▸ **WHAT IS BEING ASKED**:
The required output is the line with "Photo of Bloody" and each line that follows it to the end of the entries below, copied exactly and with nothing added.

** DATA LISTING follows **

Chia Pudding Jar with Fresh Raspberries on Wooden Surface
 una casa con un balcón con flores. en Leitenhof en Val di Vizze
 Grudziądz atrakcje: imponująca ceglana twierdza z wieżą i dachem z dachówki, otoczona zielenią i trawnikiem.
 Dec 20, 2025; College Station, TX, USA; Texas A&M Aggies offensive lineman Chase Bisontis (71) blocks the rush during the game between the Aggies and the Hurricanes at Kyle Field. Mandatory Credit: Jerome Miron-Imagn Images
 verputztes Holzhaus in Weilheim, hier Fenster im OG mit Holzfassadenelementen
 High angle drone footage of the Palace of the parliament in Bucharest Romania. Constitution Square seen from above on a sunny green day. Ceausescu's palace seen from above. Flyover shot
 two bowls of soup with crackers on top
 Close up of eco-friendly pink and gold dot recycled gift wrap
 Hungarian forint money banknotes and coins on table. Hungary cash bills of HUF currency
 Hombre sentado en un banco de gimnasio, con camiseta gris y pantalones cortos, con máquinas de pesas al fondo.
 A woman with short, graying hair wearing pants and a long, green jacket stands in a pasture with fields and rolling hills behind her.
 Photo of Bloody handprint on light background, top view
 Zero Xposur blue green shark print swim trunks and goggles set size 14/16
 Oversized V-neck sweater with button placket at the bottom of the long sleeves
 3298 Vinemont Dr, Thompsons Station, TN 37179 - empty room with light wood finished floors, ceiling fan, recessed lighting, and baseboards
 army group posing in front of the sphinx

** End of DATA LISTING **

▸ **ANSWER TO THE EXERCISE**:
 Photo of Bloody handprint on light background, top view
 Zero Xposur blue green shark print swim trunks and goggles set size 14/16
 Oversized V-neck sweater with button placket at the bottom of the long sleeves
 3298 Vinemont Dr, Thompsons Station, TN 37179 - empty room with light wood finished floors, ceiling fan, recessed lighting, and baseboards
 army group posing in front of the sphinx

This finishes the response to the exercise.